#### [Task description]
What you write should be the line containing "第一百二十章-第125话" followed by every line after it to the end of the listing, exactly as given, and nothing more.
BEGIN
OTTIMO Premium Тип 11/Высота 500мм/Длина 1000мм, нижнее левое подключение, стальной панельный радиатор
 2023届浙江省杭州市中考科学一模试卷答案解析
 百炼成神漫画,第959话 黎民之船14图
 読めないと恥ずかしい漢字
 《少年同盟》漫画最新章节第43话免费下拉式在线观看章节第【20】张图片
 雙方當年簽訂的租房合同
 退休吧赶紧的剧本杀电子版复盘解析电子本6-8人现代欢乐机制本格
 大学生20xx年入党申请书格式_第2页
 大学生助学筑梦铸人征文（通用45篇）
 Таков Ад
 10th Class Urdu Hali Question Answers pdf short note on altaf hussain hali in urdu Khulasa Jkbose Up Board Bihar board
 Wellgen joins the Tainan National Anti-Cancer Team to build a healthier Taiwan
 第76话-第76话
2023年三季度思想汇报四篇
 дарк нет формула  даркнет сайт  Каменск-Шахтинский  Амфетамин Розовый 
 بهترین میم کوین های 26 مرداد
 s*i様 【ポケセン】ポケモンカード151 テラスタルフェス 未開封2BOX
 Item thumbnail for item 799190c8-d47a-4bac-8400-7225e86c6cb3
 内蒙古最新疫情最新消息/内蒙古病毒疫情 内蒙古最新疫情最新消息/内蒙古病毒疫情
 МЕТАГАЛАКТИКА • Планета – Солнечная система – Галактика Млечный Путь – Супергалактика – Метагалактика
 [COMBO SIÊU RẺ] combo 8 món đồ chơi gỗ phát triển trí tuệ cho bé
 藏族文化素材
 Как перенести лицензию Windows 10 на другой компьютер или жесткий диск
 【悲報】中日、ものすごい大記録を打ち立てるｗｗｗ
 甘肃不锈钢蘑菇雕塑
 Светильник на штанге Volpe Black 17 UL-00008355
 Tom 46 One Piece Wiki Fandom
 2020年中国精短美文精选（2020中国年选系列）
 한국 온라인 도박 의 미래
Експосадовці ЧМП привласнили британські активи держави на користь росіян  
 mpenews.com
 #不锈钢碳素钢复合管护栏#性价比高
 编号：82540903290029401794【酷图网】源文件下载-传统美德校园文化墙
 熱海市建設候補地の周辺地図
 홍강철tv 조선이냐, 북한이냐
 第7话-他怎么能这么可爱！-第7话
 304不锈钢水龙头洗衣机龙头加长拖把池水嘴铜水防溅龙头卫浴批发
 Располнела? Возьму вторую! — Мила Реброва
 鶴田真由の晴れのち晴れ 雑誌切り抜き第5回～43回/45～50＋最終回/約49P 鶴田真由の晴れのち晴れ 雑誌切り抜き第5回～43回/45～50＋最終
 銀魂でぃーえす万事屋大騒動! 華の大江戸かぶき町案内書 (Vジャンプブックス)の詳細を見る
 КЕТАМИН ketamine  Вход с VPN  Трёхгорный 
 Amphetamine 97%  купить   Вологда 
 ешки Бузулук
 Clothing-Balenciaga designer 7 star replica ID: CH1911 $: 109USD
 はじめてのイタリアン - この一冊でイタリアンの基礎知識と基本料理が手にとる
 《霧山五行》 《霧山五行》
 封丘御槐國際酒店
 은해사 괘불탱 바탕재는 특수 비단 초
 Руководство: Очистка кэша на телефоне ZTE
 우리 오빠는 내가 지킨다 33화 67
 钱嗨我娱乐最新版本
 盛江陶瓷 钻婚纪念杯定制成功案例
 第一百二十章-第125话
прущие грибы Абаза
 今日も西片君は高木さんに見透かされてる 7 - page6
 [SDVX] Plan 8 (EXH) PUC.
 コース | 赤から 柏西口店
END
#### [Response area]
 第一百二十章-第125话
прущие грибы Абаза
 今日も西片君は高木さんに見透かされてる 7 - page6
 [SDVX] Plan 8 (EXH) PUC.
 コース | 赤から 柏西口店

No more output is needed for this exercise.